Dr Jonathan Spyer Expert sur la Syrie, l’Irak, les groupes islamiques radicaux et les Kurdes
Furieux des récents gains du gouvernement au Yémen, les Iraniens cherchent à intimider les Émirats arabes unis pour qu’ils changent de cap. À ce stade, il est donc vital que les États-Unis et Israël offrent leur soutien à la cause des Émirats arabes unis.
31.01.2022
Le mouvement houthi soutenu par l’Iran au Yémen (également connu sous le nom d’Ansar Allah) a lancé deux missiles balistiques sur les Émirats arabes unis le 24 janvier, mais leur tir a été contrecarré par des intercepteurs de missiles Patriot de fabrication américaine.
Un porte-parole militaire houthi a déclaré avoir tiré des missiles balistiques Zulfiqar sur la base aérienne d’al-Dhafra qui abrite les forces américaines et d’autres « cibles sensibles », a rapporté Reuters. Il a affirmé que les H9outhis avaient lancé des drones pour cibler Dubaï.
L’armée américaine a déclaré qu’elle avait tiré des intercepteurs de missiles Patriot sur deux missiles et que l’armée des Émirats arabes unis avait fait des efforts similaires.

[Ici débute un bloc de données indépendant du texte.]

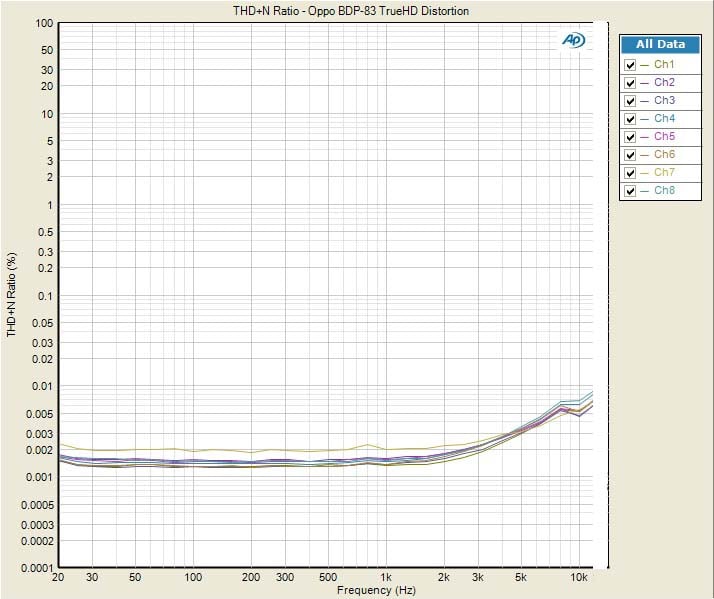 THD+10kHz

Aucun mort ou blessé n’a été signalé. Il y a environ 2 000 militaires américains stationnés sur la base aérienne des Émirats arabes unis.
Il s’agissait de la deuxième attaque des Houthis contre la capitale émiratie en janvier. Une attaque de drone le 17 janvier a déclenché l’explosion d’un réservoir de carburant, entraînant la mort de trois travailleurs étrangers (deux Indiens et un Pakistanais). Les trois étaient des employés d’ADNOC, la compagnie pétrolière nationale des Émirats arabes unis. L’attaque précédente a coïncidé avec un lancement de missile Houthi sur le sud de l’Arabie saoudite, au cours duquel deux personnes ont été blessées.
Ces dernières attaques représentent une escalade significative découlant de la confrontation en cours au Yémen entre les forces fidèles au gouvernement du président Abd-Rabbu Mansour Hadi, soutenues par l’Arabie saoudite et les Émirats arabes unis, et les Houthis soutenus par l’Iran.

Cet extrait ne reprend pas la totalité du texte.